McDaniels received his doctorate in American Studies from Emory University’s Institute for the Liberal Arts in 2007. After serving as an assistant professor at the University of Missouri-Kansas City, he returned to Emory as an associate curator for African American collections under then-lead curator Randall Burkett.

“We worked closely together for three years, after which I retired and he took over leadership of this work,” Burkett wrote in an email. “My wife has always insisted that Pellom was my most important acquisition for Emory! Pellom was a giant of a man: not only in stature but in talent, in intellect, and in energy.  He built the collections in important new ways but also was responsible for extending their reach to the community through programs and exhibitions.”

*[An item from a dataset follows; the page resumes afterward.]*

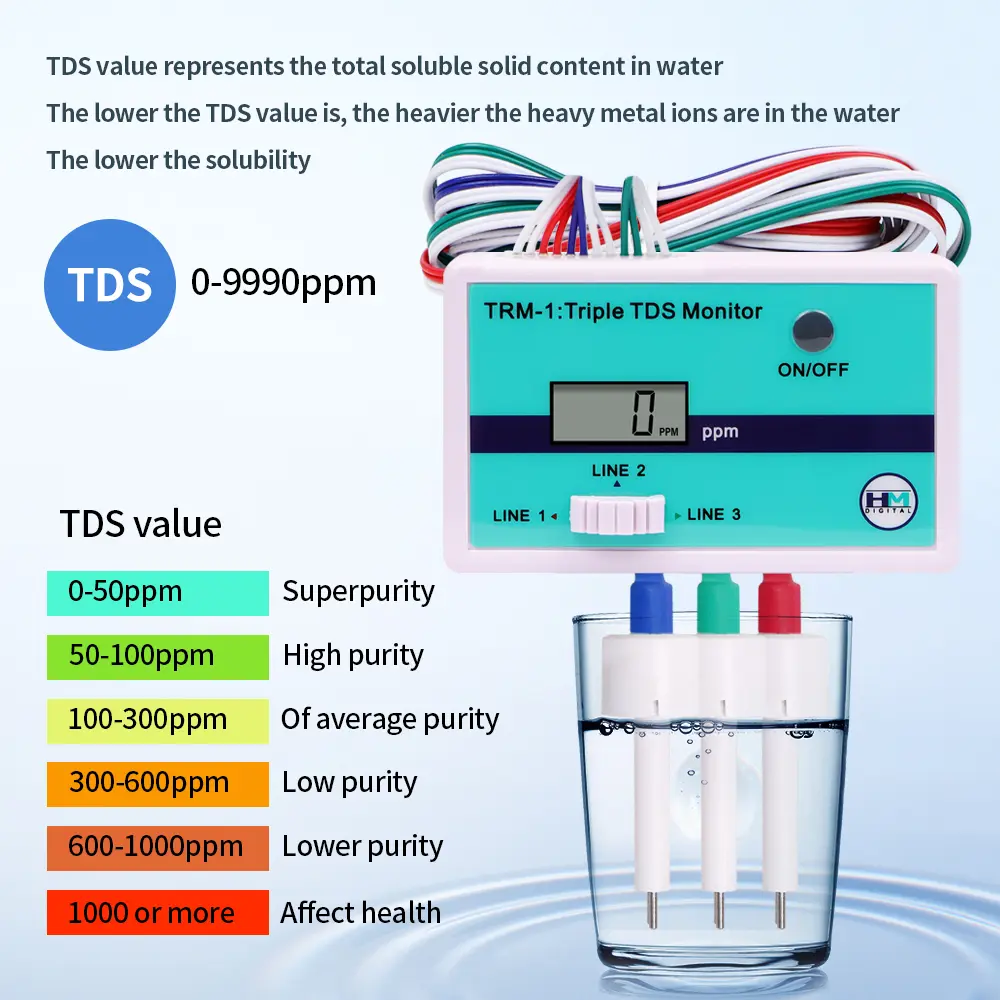 SM1 Single/TRM1 Triple TDS Meter Online Water Quality Tester Digital 0-9990ppm TDS Monitor for Aquarium Laboratory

Those who knew McDaniels recognized his warm, outgoing personality and his ability to connect with everyone he came across. Navvab McDaniels noted, however, that he was shy as a child, but a variety of mentors in college taught him the importance of having a kind and sociable personality.

“As much as he gave to Emory, the love and support he had for his family was unsurpassed,” Anderson recalled. “People would always talk about Pellom with his kids at the pool, Pellom with his kids at basketball, Pellom with his kids at. It was ‘Pellom and.’ He was just a fully engaged father. He was just a giving, warm, generous man.”

McDaniels is survived by his wife of 24 years, Navvab McDaniels, and his two children, Ellington “Duke” McDaniels and Sofia McDaniels.